When hiring vendors and contractors to perform work in your community, you should always wait until the contract is signed before letting any projects begin. We’ve compiled a list of the important parts that should be included in every contract—which should always be reviewed by legal counsel.
Licensing. Does the contractor/vendor have the appropriate license(s) for the work they’re going to perform? You should always verify all necessary licenses are current through the Contractor License Board. While using unlicensed contractors may seem like a way to save money, it can end up costing much more in the long run.
Insurance. Besides having your own policies to protect your association and your liability, you’ll need to make sure the contractor carries any policies necessary for the project, such as workers’ compensation insurance. Be sure to require proof of insurance, and that your association is named on any appropriate policies as well. Make sure none of the policies contain a multi-family or condo exclusion.
Governing Documents. Check your governing documents to ensure that the contractor or the work they are performing does not violate any provisions.

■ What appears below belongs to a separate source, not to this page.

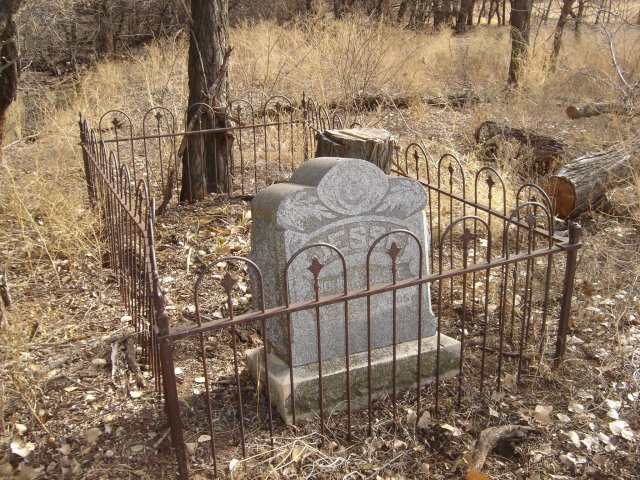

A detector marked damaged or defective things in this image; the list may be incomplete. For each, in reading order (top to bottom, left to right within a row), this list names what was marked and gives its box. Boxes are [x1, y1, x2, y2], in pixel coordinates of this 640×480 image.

rusty iron fence rail [79, 99, 580, 478] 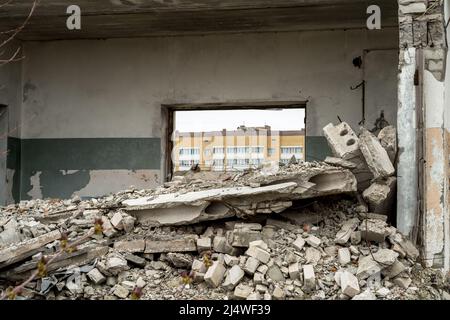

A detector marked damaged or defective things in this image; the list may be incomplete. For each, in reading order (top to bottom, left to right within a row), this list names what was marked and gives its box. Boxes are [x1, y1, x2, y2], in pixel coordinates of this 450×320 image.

Problem Provisions. You should have your legal counsel draft a contract or modify any contract or work order provided by the contractor. The language and provisions of the latter two generally favor the contractor and may not cover you when needed.
Have your legal counsel review the following issues and clauses in all agreements:
- Parties. Make sure the contract does not name the directors as parties to the contract. The party should always be the association. This protects the directors from being named personally in any litigation.
- Scope of Work. Make sure the entire scope of work is clearly defined. Ambiguity or missing parts could cause issues due to misunderstanding or miscommunication. Clarity will help you should you need to hold a contractor accountable for their work.
- Payment Schedule. Establish a schedule that pays out as work is completed. Never pay the full amount up front, as your community could then be at risk of significant loss should the contractor not perform the full scope of work. A percentage of the contract amount can be retained until final inspections and signatures are completed.
- Insurance. List the insurance policies (and minimum coverage limits) you require the vendor to carry. Also, include whether your association should be listed on any of the policies.
- Indemnity. Include a clause that requires the contractor to indemnify your association if an issue with their work causes you to be sued.
- Performance dates and times. Include your expectation for when contractors can perform work, as well as when it should be completed.
- Termination Clause. This should be included in the event the work is not performed satisfactorily.
- Attorneys’ Fees. This provision typically states that in the event of litigation, each side will cover their own legal fees.